--- START ---

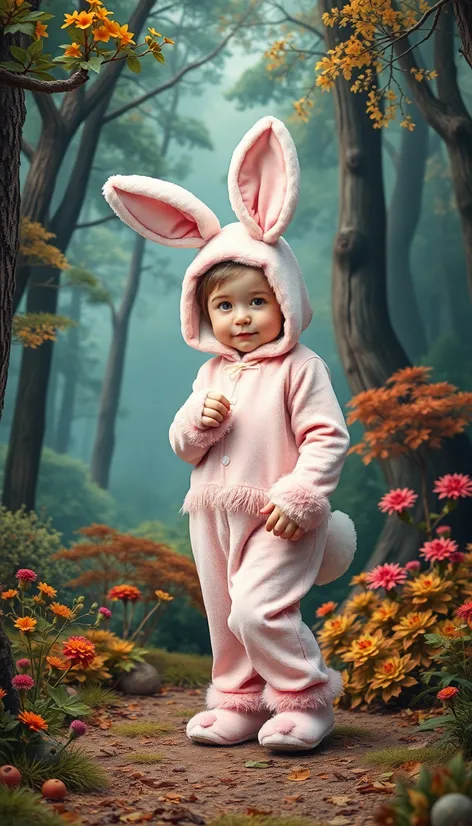 bunny costume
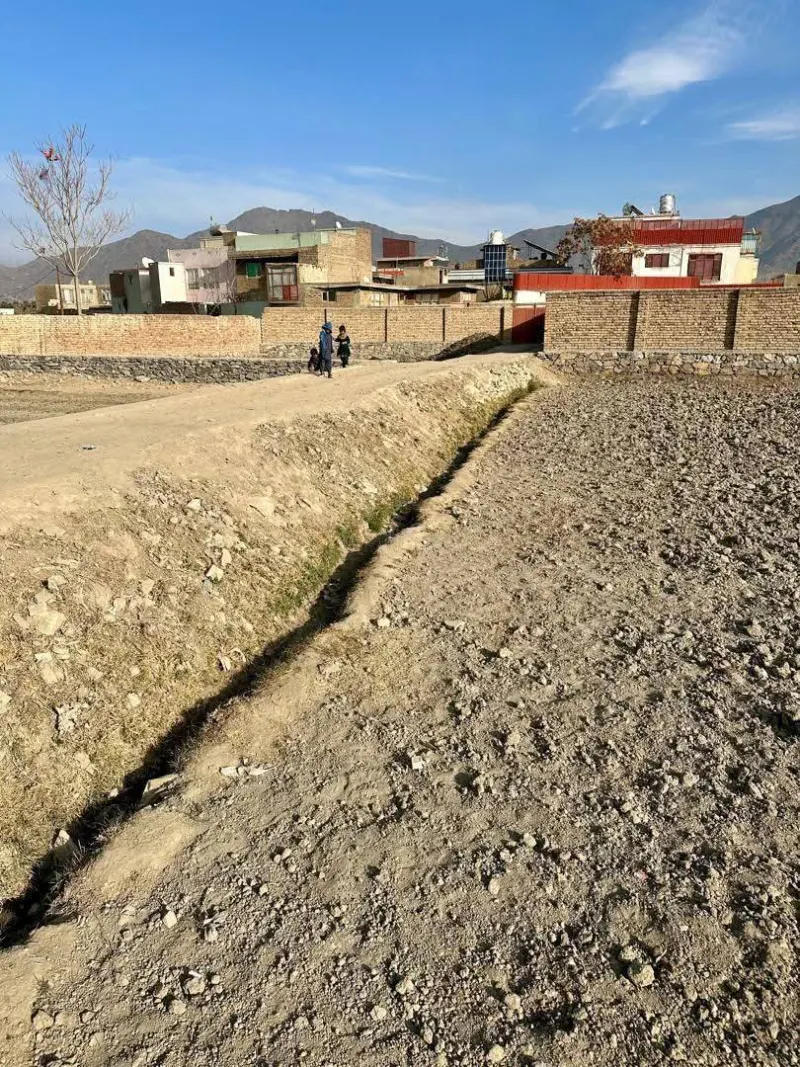 Land for sale, near Nila Bagh Township, Deh Murad Khan, Kabul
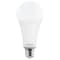Luxrite A23 LED Light Bulb, E26 Base Bulb, 33 Watts, 4000 Lumens, Dimmable, 3500K Natural White LR21457 - alternate 1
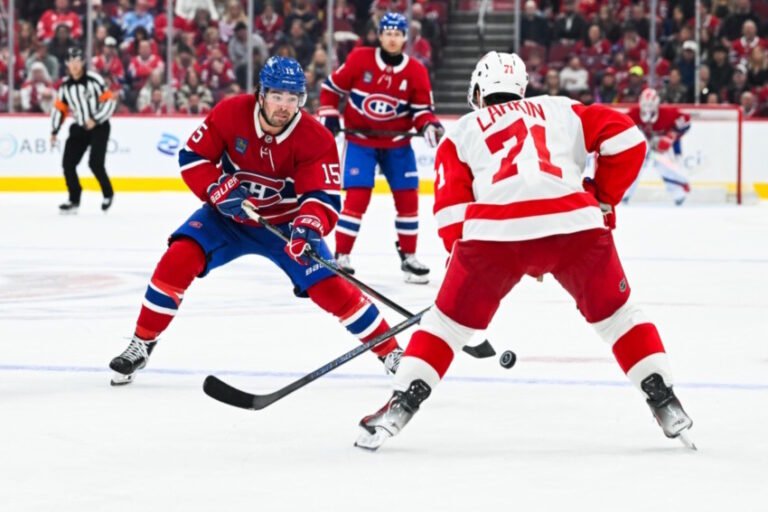 Simon Edvinsson, Dylan Larkin, and the Detroit Red Wings Simon Edvinsson, Dylan Larkin, and the Detroit Red Wings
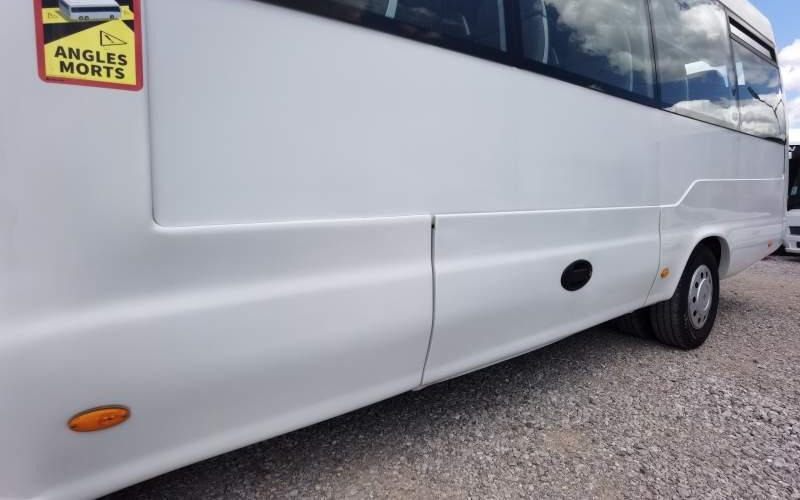 Minibus, People carrier Iveco Daily DURISOTTI *2x klima* / 28miejsc: picture 20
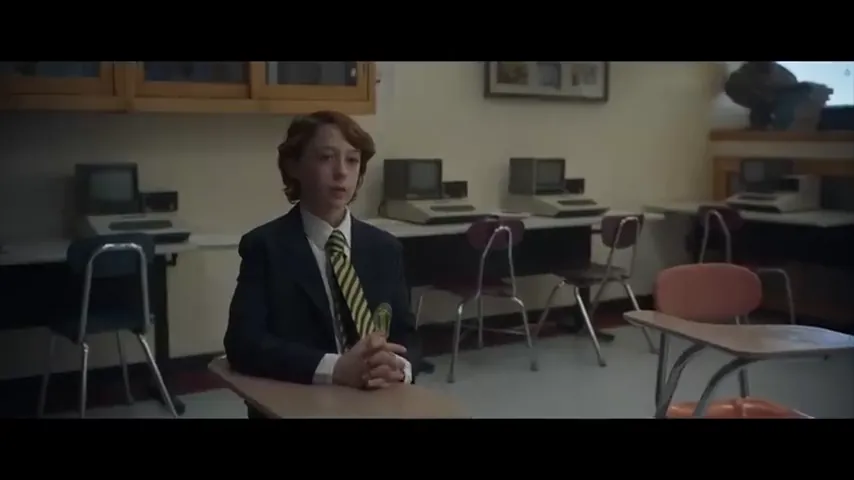 Armageddon Time Scene 4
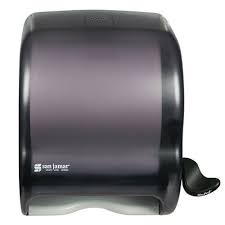 [T950TBK] Premium Dispenser for 8" Hardwound Towel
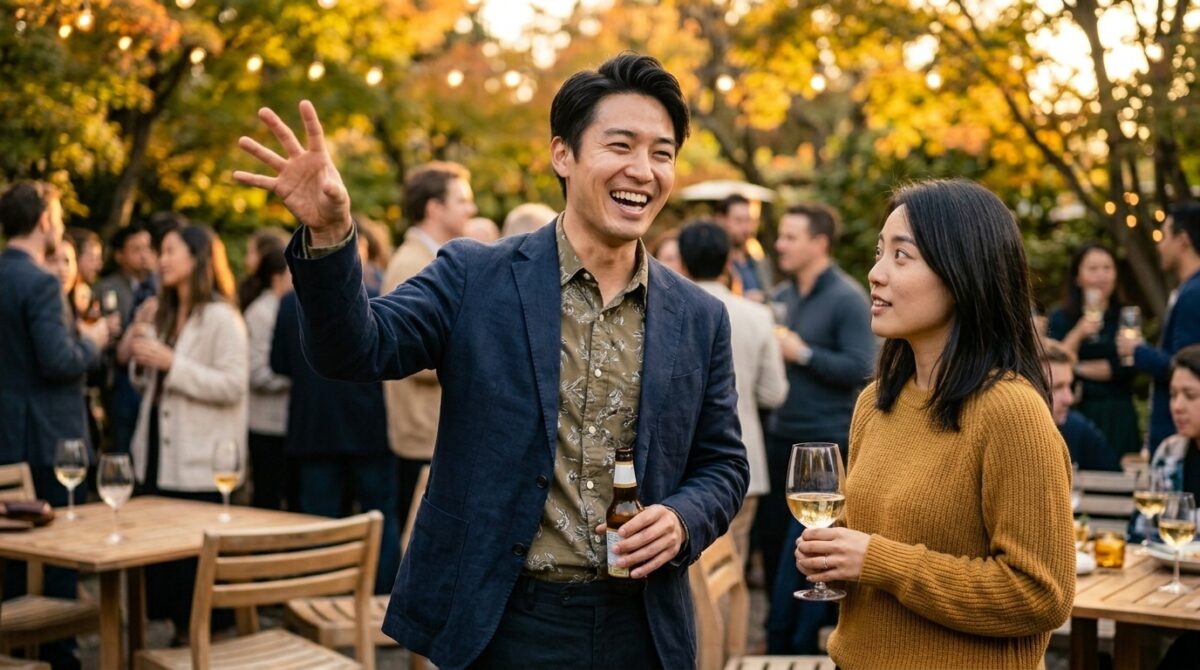 話しやすい人＝恋愛対象外から脱出する具体的なコツ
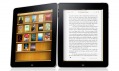 Nový dotykový tablet od Apple iPad - čtení knih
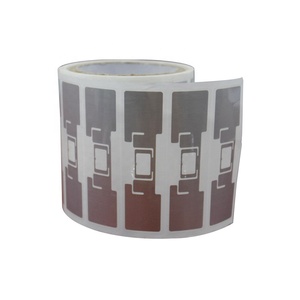 Long Range <strong>UHF</strong> RFID Dry <strong>Inlay</strong> / Wet <strong>Inlay</strong> ISO18000 6C in Stock 860-960MHZ Writable U8 <strong>UHF</strong> RFID Tag - Product Image 4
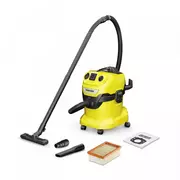 Odkurzacze przemysłowe - Karcher WD 4 P V-20/5/22 EU 1.628-272.0 - miniaturka - grafika 1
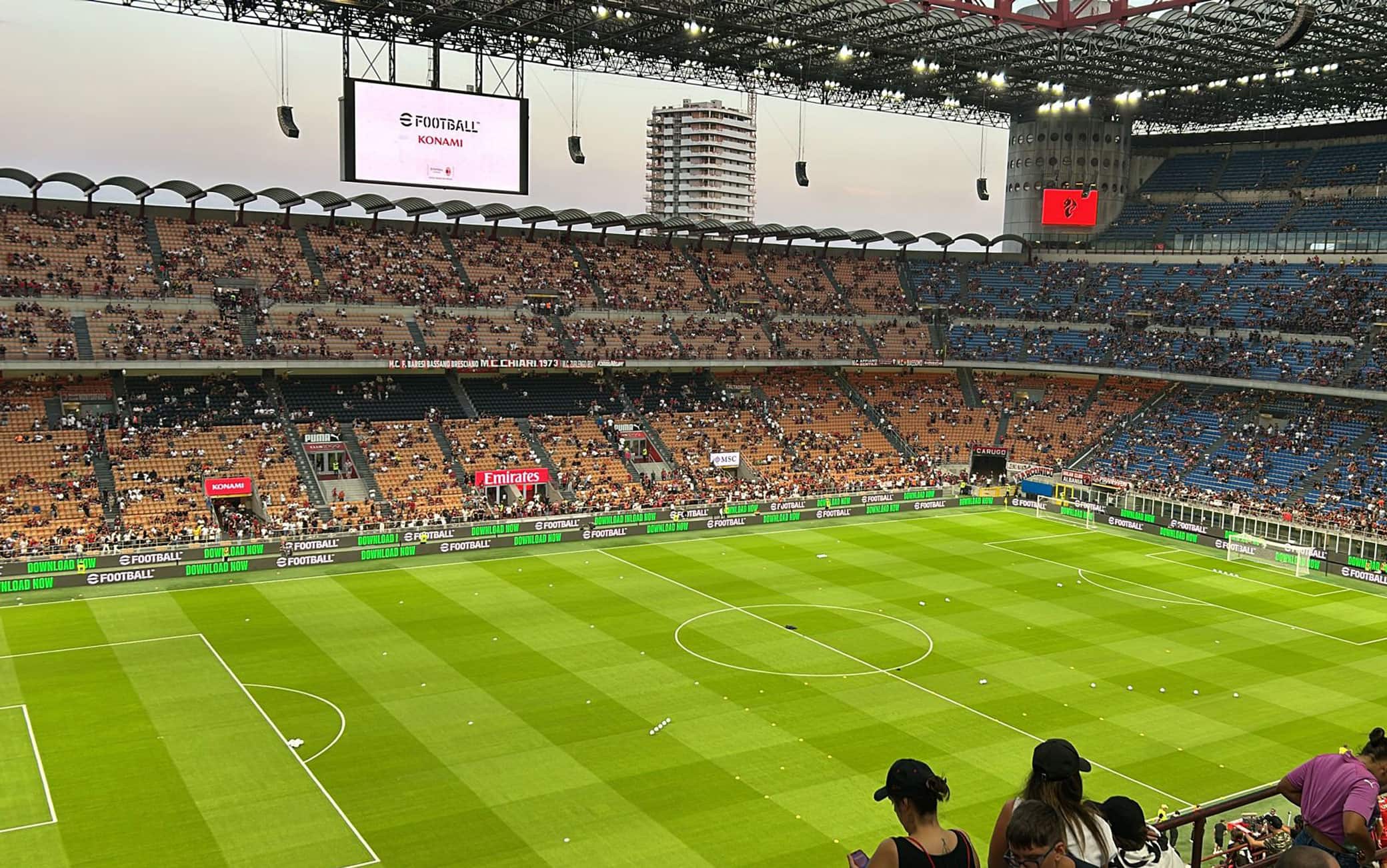 san siro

--- END ---

- [WHAT TO PRODUCE] Restate word for word every line from the one with "[T950TBK] Premium Dispenser" up to and including the one with "Nový dotykový tablet" in the records above, minus the pictures.

- [RESULT FOR THIS TASK]
 [T950TBK] Premium Dispenser for 8" Hardwound Towel
 話しやすい人＝恋愛対象外から脱出する具体的なコツ
 Nový dotykový tablet od Apple iPad - čtení knih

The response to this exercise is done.